Before looking at the solution, let’s revisit some of the concepts we’ll be using.

Capacity Providers: Capacity providers let you manage computing capacity for Amazon ECS containers. This allows the application to define its requirements for how it utilizes the capacity. With capacity providers, you can define flexible rules for how containerized workloads run on different compute capacity types and manage the capacity scaling. Furthermore, capacity providers improve the availability, scalability, and cost of running tasks and services on Amazon ECS. In order to run tasks, the default capacity provider strategy will be utilized, or an alternative strategy can be specified if required.

AWS Fargate and AWS Fargate Spot capacity providers don’t need to be created. They are available to all accounts and only need to be associated with a cluster for utilization. When a new cluster is created via the Amazon ECS console, along with the Networking-only cluster template, the FARGATE and FARGATE_SPOT capacity providers are automatically associated with the new cluster.

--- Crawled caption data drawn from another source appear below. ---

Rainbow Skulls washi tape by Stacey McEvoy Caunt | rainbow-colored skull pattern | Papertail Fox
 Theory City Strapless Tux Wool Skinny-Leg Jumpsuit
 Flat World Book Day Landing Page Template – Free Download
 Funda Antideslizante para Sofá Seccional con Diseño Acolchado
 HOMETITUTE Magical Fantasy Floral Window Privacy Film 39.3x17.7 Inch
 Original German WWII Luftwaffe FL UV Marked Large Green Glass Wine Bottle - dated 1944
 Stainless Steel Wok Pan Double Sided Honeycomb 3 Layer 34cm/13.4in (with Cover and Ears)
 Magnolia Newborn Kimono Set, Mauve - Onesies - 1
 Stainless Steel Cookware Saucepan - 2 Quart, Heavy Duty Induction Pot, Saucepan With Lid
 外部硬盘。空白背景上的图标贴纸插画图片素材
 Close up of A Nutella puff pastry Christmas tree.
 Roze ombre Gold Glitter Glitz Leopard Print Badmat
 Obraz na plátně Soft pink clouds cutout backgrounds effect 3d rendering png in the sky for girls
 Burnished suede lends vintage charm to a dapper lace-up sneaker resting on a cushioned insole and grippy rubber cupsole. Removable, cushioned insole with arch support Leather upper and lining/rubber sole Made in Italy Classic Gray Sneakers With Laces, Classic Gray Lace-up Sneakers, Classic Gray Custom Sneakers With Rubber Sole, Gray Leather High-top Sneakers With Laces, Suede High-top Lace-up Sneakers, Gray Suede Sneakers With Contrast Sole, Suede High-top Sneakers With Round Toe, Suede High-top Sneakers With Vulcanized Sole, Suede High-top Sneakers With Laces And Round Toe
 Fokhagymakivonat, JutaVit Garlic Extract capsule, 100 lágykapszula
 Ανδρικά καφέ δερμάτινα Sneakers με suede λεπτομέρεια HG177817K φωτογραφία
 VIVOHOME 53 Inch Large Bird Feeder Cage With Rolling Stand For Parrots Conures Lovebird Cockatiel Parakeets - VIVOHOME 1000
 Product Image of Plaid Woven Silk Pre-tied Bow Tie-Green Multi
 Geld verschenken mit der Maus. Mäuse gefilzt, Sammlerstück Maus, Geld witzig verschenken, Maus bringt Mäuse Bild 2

CircleCI Orbs: Orbs are reusable CircleCI configuration packages that help automate repeated processes, accelerate project setup, and ease third-party tool integration. Orbs can be found in the developer hub on the CircleCI orb registry. Each orb listing has usage examples that can be referenced. Moreover, each orb includes a library of documented components that can be utilized within your config for more advanced purposes. Since the 2.0.0 release, the AWS ECS Orb supports the capacity provider strategy parameter for running tasks allowing you to efficiently run any ECS task against your new or existing clusters via Fargate Spot capacity providers.

Solution overview

Fargate Spot helps cost-optimize services that can handle interruptions like Containerized workloads, CI/CD, or Web services behind a load balancer. When Fargate Spot needs to interrupt a running task, it sends a SIGTERM signal. It is best practice to build applications capable of responding to the signal and shut down gracefully.

This walkthrough will utilize a capacity provider strategy leveraging Fargate and Fargate Spot, which mitigates risk if multiple Fargate Spot tasks get terminated simultaneously. If you’re unfamiliar with Fargate Spot, capacity providers, or capacity provider strategies, read our previous blog about Fargate Spot best practices here.

Prerequisites

Our walkthrough will utilize the following services:

  • GitHub as a code repository
  • AWS Fargate/Fargate Spot for running your containers as ECS tasks
  • CircleCI for demonstrating a CI/CD pipeline. We will utilize CircleCI Cloud Free version, which allows 2,500 free credits/week and can run 1 job at a time.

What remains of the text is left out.